Most performance sunglass manufacturers offer color-enhancing lenses that filter the visual noise of overlapping wavelengths (Fig. 3) in the visible spectrum to produce saturated colors that make individual colors POP. Athletes love these lenses, which can be tuned to make the colors most prevalent in their sports environment vivid.

Yellow lenses are an excellent choice for hunters or shooters who prefer yellow lenses that brighten their surroundings and sharpen contrast making details and edges sharper against the background resulting in higher definition vision.

A solid mirror coating will reduce more light transmission by reflecting more light from the front surface of the lens than a flash mirror coating. However, ANSI requires a minimum light transmission of 8 percent, and for this reason, a mirror coating is not recommended for tints with less than 20 percent visible light transmission (VLT).

State-of-the-art AR coatings: We know the main advantages of AR coating are improving optics when viewing the world through lenses by increasing visible light transmission and reducing the effect of internal lens surface reflections. Moreover, AR makes the lenses cosmetically appealing by minimizing surface reflections from the front of the lens that obscures the wearer’s eyes.

Newer AR stacks use neutralized polarity to increase antistatic effectiveness to repel dust, dirt and lint. The result is increased durability with less cleaning required. Ionassisted deposition and proprietary chemical composition of the stack produce ultratough chemical layers that are virtually impervious to wear and tear in the currently available state-of-the-art AR coatings. In addition, super oleophobic and hydrophobic topcoat coats seal the AR layers with a super slick polymer-based topcoat that protects against smudges, fingerprints and moisture to promote easy cleaning of the lens.

• Backside UV AR coating minimizes harmful UVB and UVA reflections from the back surface of the lens into the eye.

• Blue filter AR coatings on clear lenses help reduce digital eyestrain.

Athletes benefit from anti-fog coatings: Anti-fog coatings are recommended for ophthalmic lenses, safety goggles, face shields, sport eyewear and industrial applications. Premium anti-fog coating reduces water droplet surface tension to disperse into a continuous thin sheet that provides clear fog-free vision. Anti-fog coatings can be applied to any lens style in a large variety of materials, including plastic, polycarbonate, Trivex, acrylic hi-index and mid-index materials, as well as glass substrates. In addition, anti-fog can be applied to lenses with AR, mirrors and scratch-resistant coatings.
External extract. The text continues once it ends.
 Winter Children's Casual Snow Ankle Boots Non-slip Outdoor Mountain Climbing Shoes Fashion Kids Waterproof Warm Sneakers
Lab surfacing and finishing technology has advanced over the years and now employs fully automated, fast and precise multi-tool freeform edging systems. The latest freeform edgers cut the lens surface with a five-axis computer numeric controlled (CNC) generator producing the most complex and challenging jobs, even partially shelved lenses for fashion sports frames. Intricate lens edge processing (with base curves from 0 to 16 diopters) from various edging angles is possible and with the highest degree of accuracy. Challenging lens shapes and wrap designs are achieved with the latest six spindle edging tools; even complex bevels (step and shelf ), notches, grooves and drilled (lateral) lenses are achievable. The newer smart bevel function of these machines automatically places the bevel according to frame base and lens thickness.
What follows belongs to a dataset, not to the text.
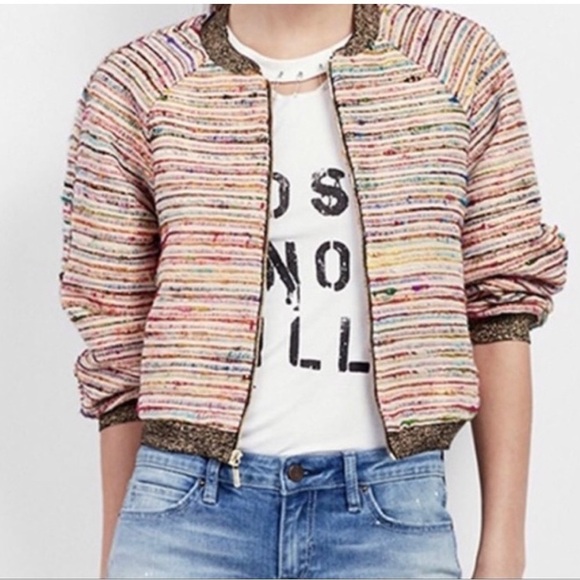 LIKE NEW Anthropologie Nicole Miller Artelier bomber jacket, Small - Picture 3 of 9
In summary, as opticians, we provide solutions tailored to lifestyle, sports and sun protection. Every customer deserves to know the importance of protecting their eyes and their children’s eyes from sun damage and impact injury. To communicate this vital message effectively and confidently, we must know the hazards and risks from sunlight exposure and impact injury. Advocate for eye defense and be the sport eyewear expert. Winning is a key theme in sports, and protecting eyes from sun and impact injury is a Win, Win!